=== Records provided ===
= = =
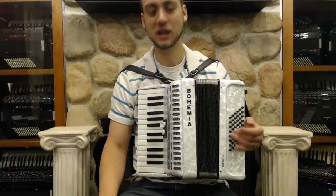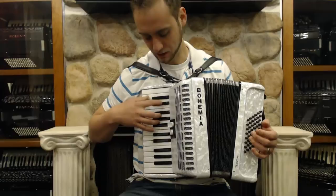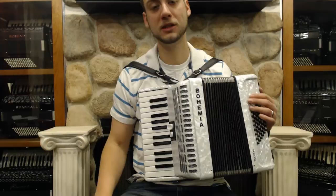I'll go through the registers. This is our clarinet. And our master is our musette. Now I'll play you something so you can hear what it sounds like.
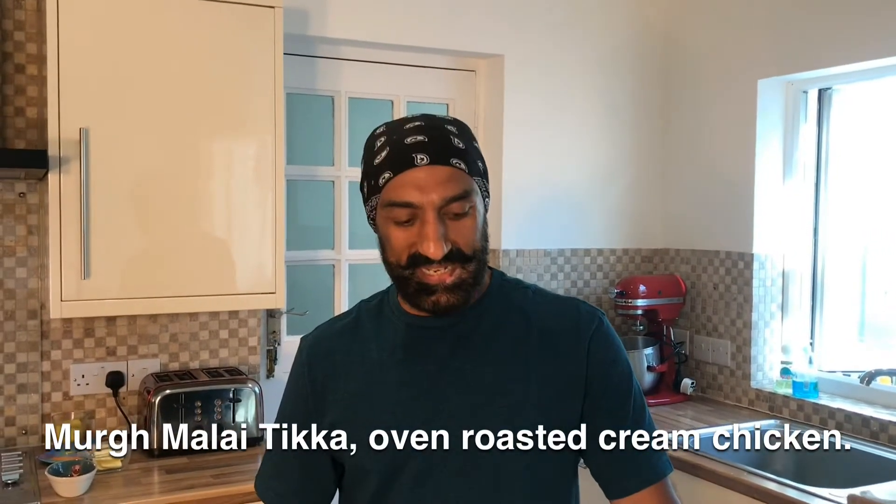Hi, Jolly from Home Kitchen. Today's recipe is again very interesting — it's on the lines of Tandoori chicken. We're trying to do a Murgh Malai Tikka version of it but with the bone. We're using a chicken thigh, and you can use this preparation with different cuts of meat if you like.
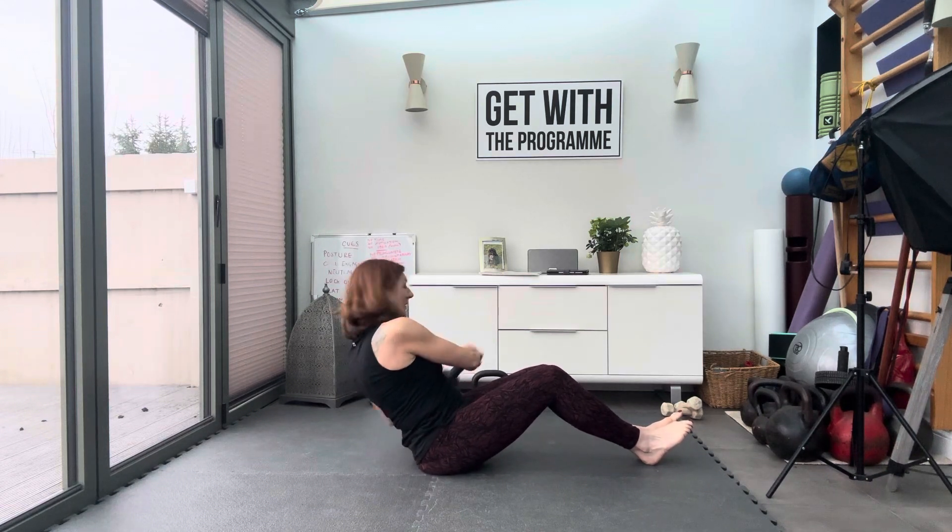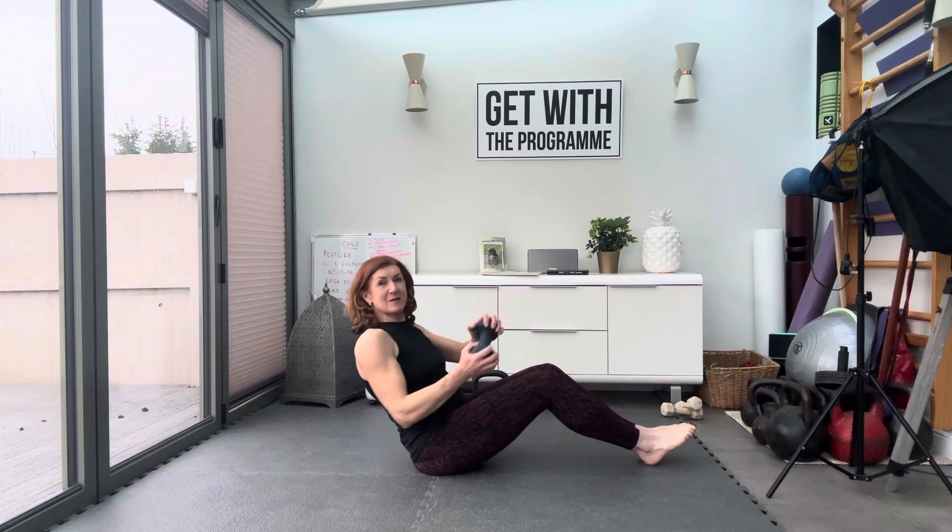Exhale and make sure you're leaning back enough so you feel that biting point on your core. If you're too far forward you're not going to feel anything, so you need to lean back until you feel it. Shoulders back, chest pushing up.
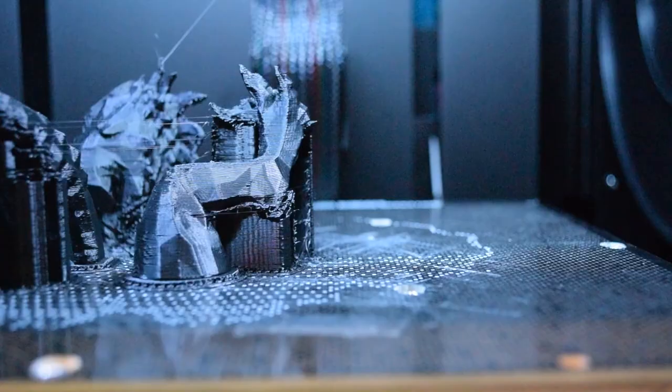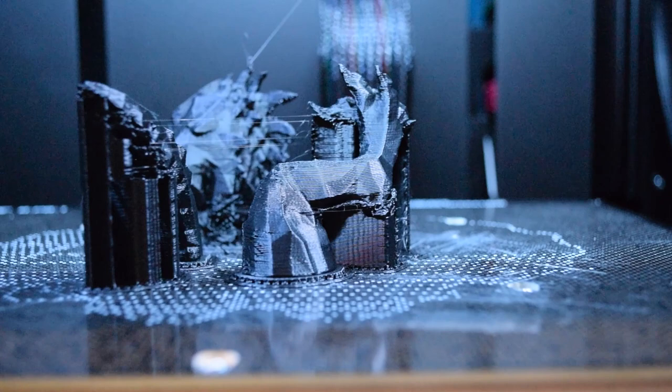It seems like common sense to just scrape away from yourself, but sometimes it's just really hard to get the prints off. So let me show you some techniques that I use to get the prints off my various printers.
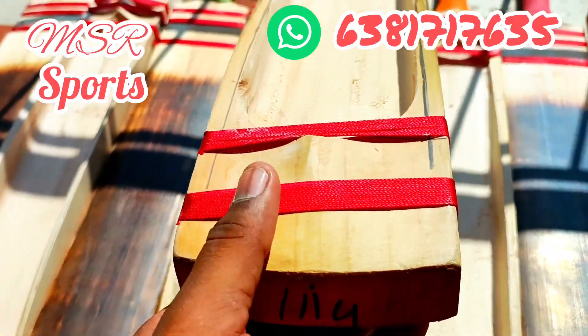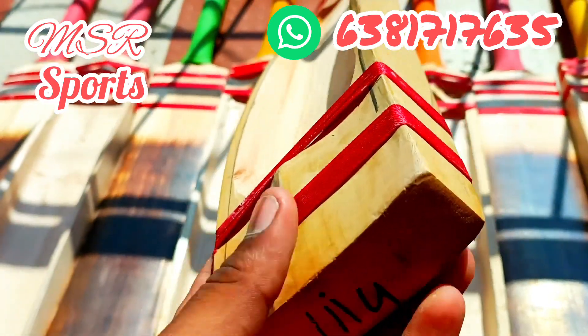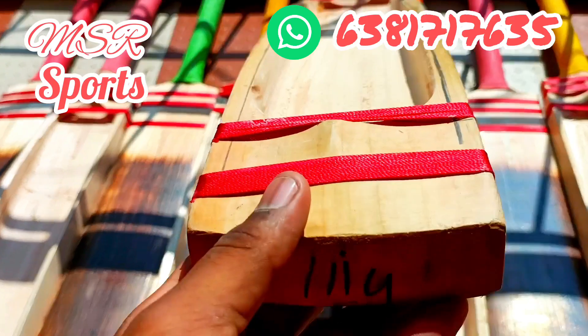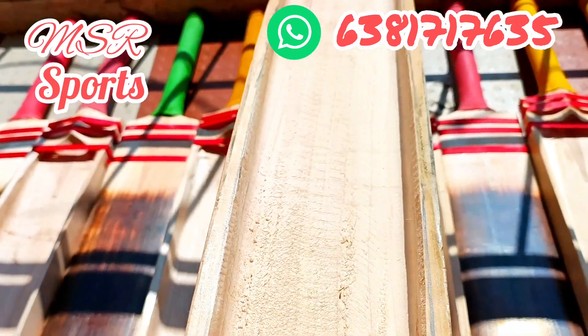We have a 6 gram of bat, we have a 7 gram of bat. I have a few examples of the better than I had to see you. I have to throw the cart on Kerala scoop straight from Casemilla.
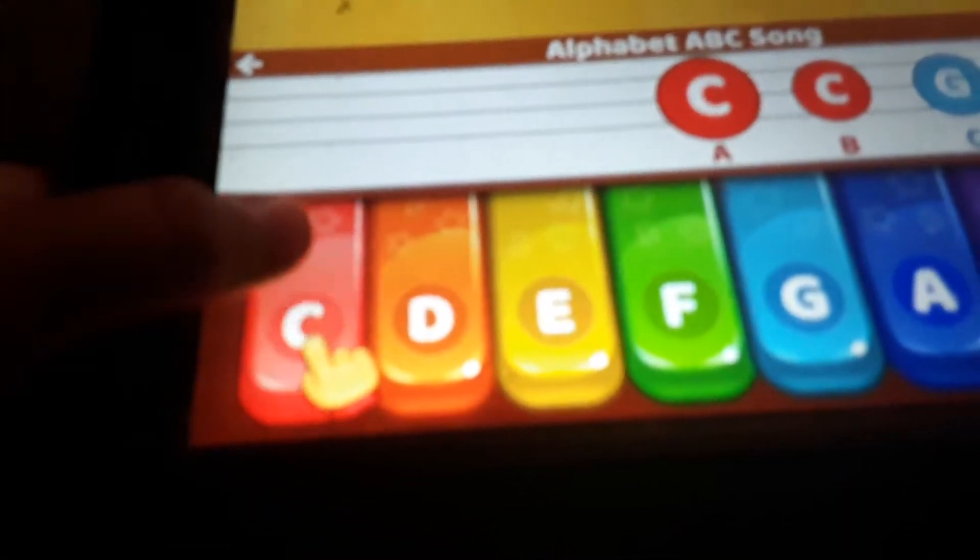Hi, kids! I'm Aria, and here is Kate! We're going to do rhymes and piano motion first. Are you ready? Let's do it.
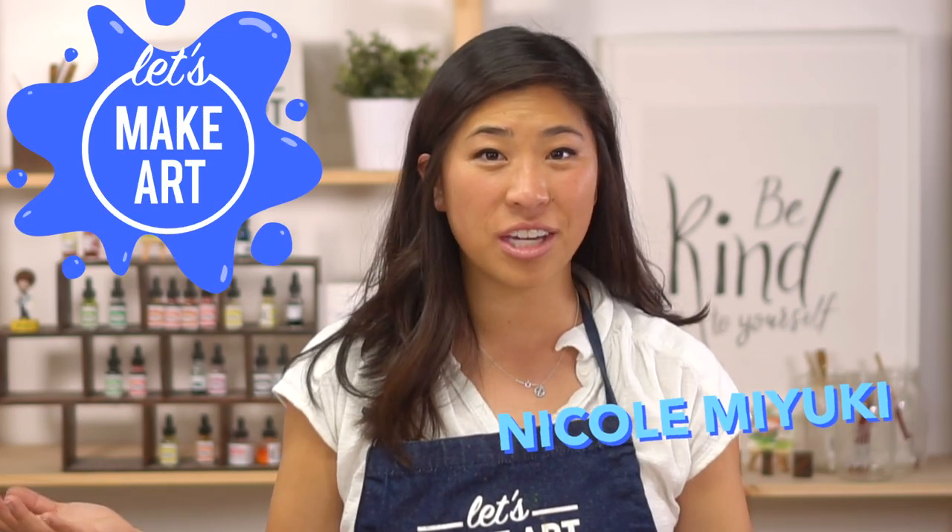Hi kids, my name is Nicole and this is Let's Make Art, and you are here to paint with us. And actually, if you're watching this, you may just be painting with us. You may be an adult. You may be 0 to 99. Yes!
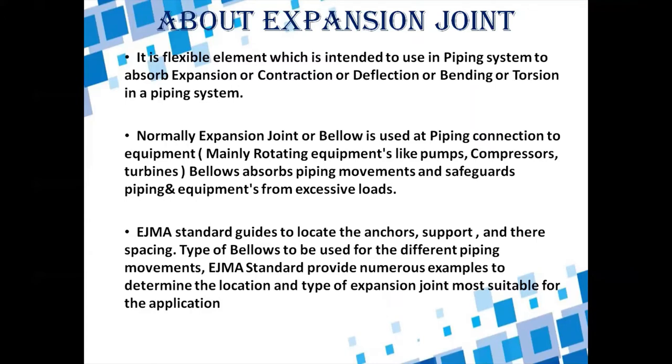The EJMA standard guides the location of anchor supports and their spacing — where to locate anchors in the piping system, the distance between two supports or anchors, and which items are to be considered as anchors. It also specifies which type of bellows to use for which movement, and provides numerous examples for determining the location and type of expansion joint most suitable for a given application.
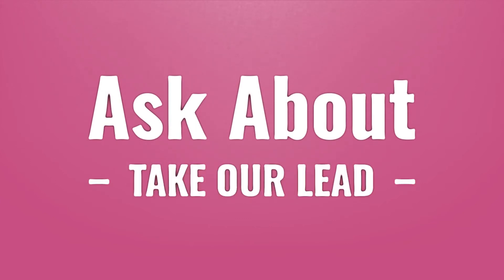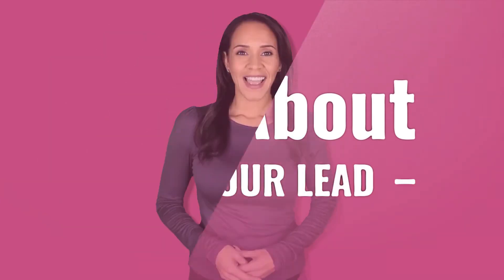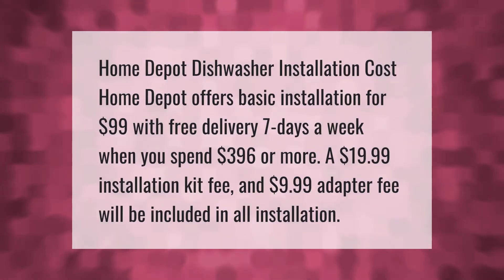Home Depot dishwasher installation cost: Home Depot offers basic installation for $99 with free delivery seven days a week when you spend $396 or more. A $19.99 installation kit fee and $9.99 adapter fee will be included in all installations.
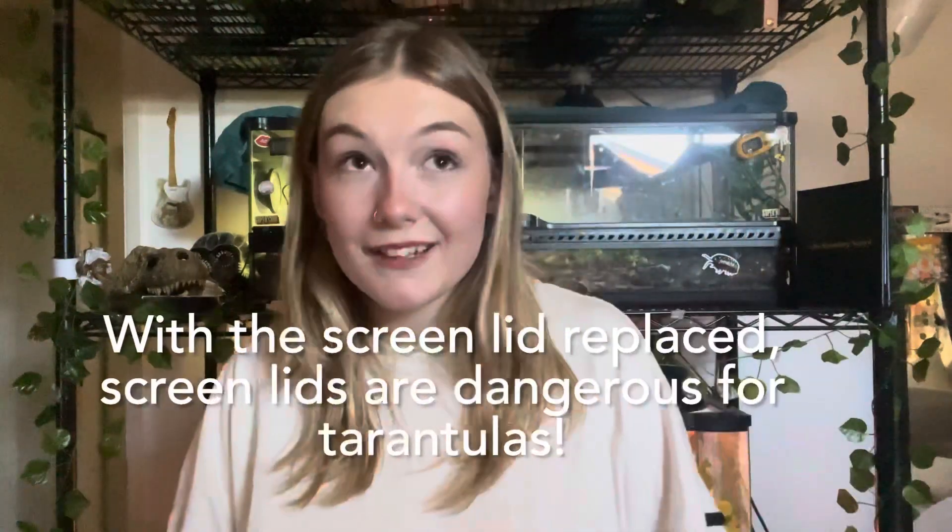I would not recommend it for your first tarantula whatsoever. This is an arboreal spider and as for temperament, they are more moody and sassy, but it's fine. They're really fast. So I'm going to set it up in a little enclosure until it gets bigger for a few molts.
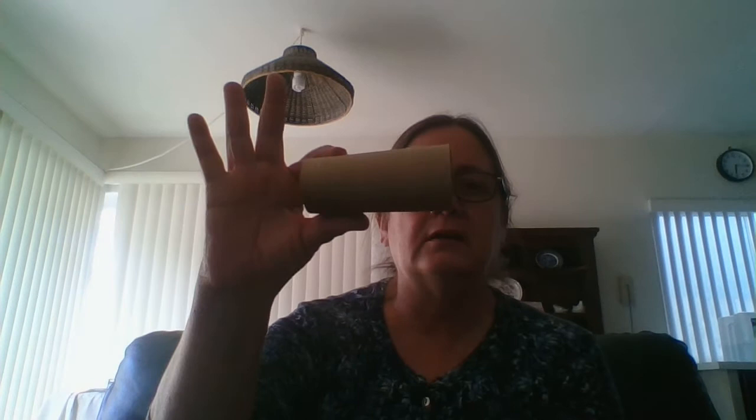Hi boys and girls, today we're going to make a spyglass, a pirate spyglass, that we can use to look around, maybe when you're going on your treasure hunt or some other make-believe adventure. For this spyglass, we're going to need a cardboard tube — I gave you one in your packet, or you can use one that you collected at your house yourself.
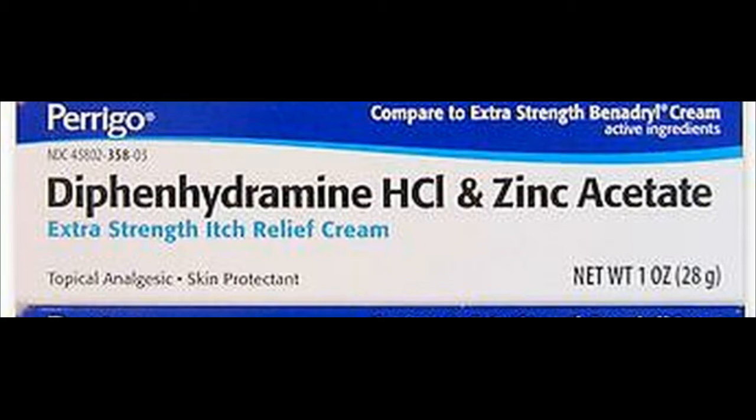How to use diphenhydramine zinc acetate cream? Use this medication only on the skin as directed by your doctor. If you are self-treating, follow all directions on the product package. If you have any questions, ask your doctor or pharmacist. Some products may need to be shaken well before use.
= = =
=== Work to be completed ===
Set down again, exactly, every line above from the one with "Exhale and make" down to the one with "Hi kids, my", both ends included. No pictures, and nothing else.

=== Response for this exercise ===
Exhale and make sure you're leaning back enough so you feel that biting point on your core. If you're too far forward you're not going to feel anything, so you need to lean back until you feel it. Shoulders back, chest pushing up.
It seems like common sense to just scrape away from yourself, but sometimes it's just really hard to get the prints off. So let me show you some techniques that I use to get the prints off my various printers.
We have a 6 gram of bat, we have a 7 gram of bat. I have a few examples of the better than I had to see you. I have to throw the cart on Kerala scoop straight from Casemilla.
Hi, kids! I'm Aria, and here is Kate! We're going to do rhymes and piano motion first. Are you ready? Let's do it.
Hi kids, my name is Nicole and this is Let's Make Art, and you are here to paint with us. And actually, if you're watching this, you may just be painting with us. You may be an adult. You may be 0 to 99. Yes!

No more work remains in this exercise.